• WHAT NEEDS TO BE DONE:
The reply should give back every entry exactly as written.

** Opening GIVEN DATA block **

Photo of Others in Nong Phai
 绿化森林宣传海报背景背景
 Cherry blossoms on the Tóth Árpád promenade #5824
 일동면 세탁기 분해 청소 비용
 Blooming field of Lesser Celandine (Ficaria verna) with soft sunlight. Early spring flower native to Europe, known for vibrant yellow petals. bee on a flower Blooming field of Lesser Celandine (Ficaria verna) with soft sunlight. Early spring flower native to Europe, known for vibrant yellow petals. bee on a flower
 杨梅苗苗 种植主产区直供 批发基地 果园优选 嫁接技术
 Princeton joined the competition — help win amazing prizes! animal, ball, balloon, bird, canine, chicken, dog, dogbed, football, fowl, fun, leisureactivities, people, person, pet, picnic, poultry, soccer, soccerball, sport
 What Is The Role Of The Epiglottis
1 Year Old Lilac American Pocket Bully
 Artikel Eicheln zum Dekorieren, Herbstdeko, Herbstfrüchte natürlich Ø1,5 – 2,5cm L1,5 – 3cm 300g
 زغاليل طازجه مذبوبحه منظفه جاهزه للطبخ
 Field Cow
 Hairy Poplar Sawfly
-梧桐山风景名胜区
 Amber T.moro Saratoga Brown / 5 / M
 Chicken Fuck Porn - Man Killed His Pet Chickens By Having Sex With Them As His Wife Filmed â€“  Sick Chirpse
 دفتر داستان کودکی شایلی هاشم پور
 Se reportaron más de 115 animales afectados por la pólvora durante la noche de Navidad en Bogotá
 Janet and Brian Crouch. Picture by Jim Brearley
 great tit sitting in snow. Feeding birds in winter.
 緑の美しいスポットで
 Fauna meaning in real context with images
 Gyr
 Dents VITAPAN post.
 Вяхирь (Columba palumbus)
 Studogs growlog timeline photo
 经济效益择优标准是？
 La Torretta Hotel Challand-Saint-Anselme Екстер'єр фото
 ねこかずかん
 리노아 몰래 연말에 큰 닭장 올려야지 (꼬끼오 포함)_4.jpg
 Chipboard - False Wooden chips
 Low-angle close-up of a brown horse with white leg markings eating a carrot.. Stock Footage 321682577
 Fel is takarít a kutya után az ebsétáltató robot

** Closing GIVEN DATA block **

• WORKED SOLUTION:
Photo of Others in Nong Phai
 绿化森林宣传海报背景背景
 Cherry blossoms on the Tóth Árpád promenade #5824
 일동면 세탁기 분해 청소 비용
 Blooming field of Lesser Celandine (Ficaria verna) with soft sunlight. Early spring flower native to Europe, known for vibrant yellow petals. bee on a flower Blooming field of Lesser Celandine (Ficaria verna) with soft sunlight. Early spring flower native to Europe, known for vibrant yellow petals. bee on a flower
 杨梅苗苗 种植主产区直供 批发基地 果园优选 嫁接技术
 Princeton joined the competition — help win amazing prizes! animal, ball, balloon, bird, canine, chicken, dog, dogbed, football, fowl, fun, leisureactivities, people, person, pet, picnic, poultry, soccer, soccerball, sport
 What Is The Role Of The Epiglottis
1 Year Old Lilac American Pocket Bully
 Artikel Eicheln zum Dekorieren, Herbstdeko, Herbstfrüchte natürlich Ø1,5 – 2,5cm L1,5 – 3cm 300g
 زغاليل طازجه مذبوبحه منظفه جاهزه للطبخ
 Field Cow
 Hairy Poplar Sawfly
-梧桐山风景名胜区
 Amber T.moro Saratoga Brown / 5 / M
 Chicken Fuck Porn - Man Killed His Pet Chickens By Having Sex With Them As His Wife Filmed â€“  Sick Chirpse
 دفتر داستان کودکی شایلی هاشم پور
 Se reportaron más de 115 animales afectados por la pólvora durante la noche de Navidad en Bogotá
 Janet and Brian Crouch. Picture by Jim Brearley
 great tit sitting in snow. Feeding birds in winter.
 緑の美しいスポットで
 Fauna meaning in real context with images
 Gyr
 Dents VITAPAN post.
 Вяхирь (Columba palumbus)
 Studogs growlog timeline photo
 经济效益择优标准是？
 La Torretta Hotel Challand-Saint-Anselme Екстер'єр фото
 ねこかずかん
 리노아 몰래 연말에 큰 닭장 올려야지 (꼬끼오 포함)_4.jpg
 Chipboard - False Wooden chips
 Low-angle close-up of a brown horse with white leg markings eating a carrot.. Stock Footage 321682577
 Fel is takarít a kutya után az ebsétáltató robot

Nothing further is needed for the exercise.